Ultrahigh-strength titanium gyroid scaffolds manufactured by selective laser melting (SLM) for bone implant applications

Abstract

Commercially pure titanium (CP–Ti) gyroid scaffolds with interconnected pores and high porosities in the range of 68–73% and three different unit cell sizes of 2, 2.5, and 3 mm were manufactured by selective laser melting (SLM) for bone implant applications. The microstructure and mechanical properties of the scaffolds with different unit cell sizes and sample orientations were evaluated. The microstructure of as-built struts was dominated by massive martensite and the average microhardness of the struts was 2.27 GPa, which is ∼50% higher than that of dense cast CP–Ti. The elastic modulus and yield strength of the as-built scaffolds ranged from 1465 to 2676 MPa and from 44.9 to 56.5 MPa, respectively, values which are close to the elastic modulus of trabecular bone and presumably strong enough to bear the physiological loading of implants.
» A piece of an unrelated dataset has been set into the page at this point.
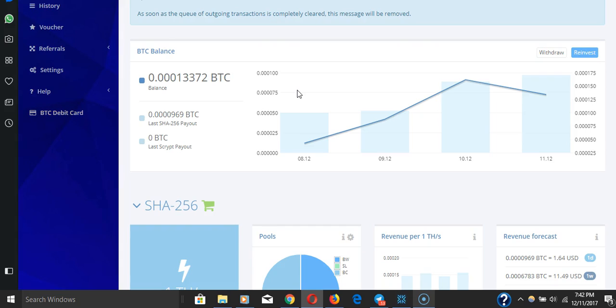So Wall Street is relying on ASIC rigs from people that work nine-to-fives. Some IT guy who has an ASIC rig is funding or is mining the transactions of Wall Street investors.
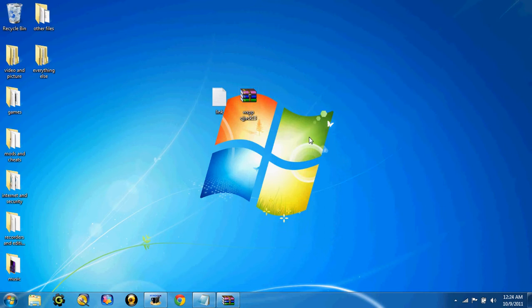Hey guys, Cullen here. Today I'm going to show you how to get the Windows XP version of Paint onto Windows 7.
The as-built scaffolds exhibited excellent ductility up to 50% strain and no sign of fracture up to 20–30% strain under compression. The dominant compressive response of the scaffolds was observed by formation of a plastic hinge which led to rotation of the struts about the plastic hinges followed by development of local shear bands in struts in the long plateau region. These SLM-manufactured gyroid CP–Ti scaffolds with significantly enhanced hardness and compressive strength exhibited an elastic modulus close to that of trabecular bone and offer a promising improvement on CP–Ti scaffolds for bone implant applications.